**WHAT YOU ARE ASKED TO DO**.
Copying nothing before it, reproduce the line that holds "Gift Card - Advanced solution Module" and every line after it in the data, exactly.
::: GIVEN ENTRIES :::
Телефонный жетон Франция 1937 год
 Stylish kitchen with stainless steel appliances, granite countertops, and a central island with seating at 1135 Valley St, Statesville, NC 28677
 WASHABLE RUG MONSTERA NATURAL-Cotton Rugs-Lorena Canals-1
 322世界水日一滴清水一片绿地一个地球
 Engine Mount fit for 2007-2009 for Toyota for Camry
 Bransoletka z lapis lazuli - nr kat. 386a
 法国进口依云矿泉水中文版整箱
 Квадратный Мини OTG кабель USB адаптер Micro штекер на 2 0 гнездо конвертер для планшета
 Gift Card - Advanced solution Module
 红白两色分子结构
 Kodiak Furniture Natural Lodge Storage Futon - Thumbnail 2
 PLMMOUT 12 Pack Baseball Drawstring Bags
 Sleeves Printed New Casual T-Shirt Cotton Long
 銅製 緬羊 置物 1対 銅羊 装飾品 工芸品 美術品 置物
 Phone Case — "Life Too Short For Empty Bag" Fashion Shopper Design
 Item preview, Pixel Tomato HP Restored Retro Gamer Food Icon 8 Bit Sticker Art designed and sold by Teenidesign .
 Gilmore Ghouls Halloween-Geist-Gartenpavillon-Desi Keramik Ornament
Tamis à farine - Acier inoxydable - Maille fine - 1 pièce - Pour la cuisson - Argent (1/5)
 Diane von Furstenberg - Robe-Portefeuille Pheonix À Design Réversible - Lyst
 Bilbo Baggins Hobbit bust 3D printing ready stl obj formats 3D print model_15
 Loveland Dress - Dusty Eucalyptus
:::
**WRITTEN RESPONSE**.
 Gift Card - Advanced solution Module
 红白两色分子结构
 Kodiak Furniture Natural Lodge Storage Futon - Thumbnail 2
 PLMMOUT 12 Pack Baseball Drawstring Bags
 Sleeves Printed New Casual T-Shirt Cotton Long
 銅製 緬羊 置物 1対 銅羊 装飾品 工芸品 美術品 置物
 Phone Case — "Life Too Short For Empty Bag" Fashion Shopper Design
 Item preview, Pixel Tomato HP Restored Retro Gamer Food Icon 8 Bit Sticker Art designed and sold by Teenidesign .
 Gilmore Ghouls Halloween-Geist-Gartenpavillon-Desi Keramik Ornament
Tamis à farine - Acier inoxydable - Maille fine - 1 pièce - Pour la cuisson - Argent (1/5)
 Diane von Furstenberg - Robe-Portefeuille Pheonix À Design Réversible - Lyst
 Bilbo Baggins Hobbit bust 3D printing ready stl obj formats 3D print model_15
 Loveland Dress - Dusty Eucalyptus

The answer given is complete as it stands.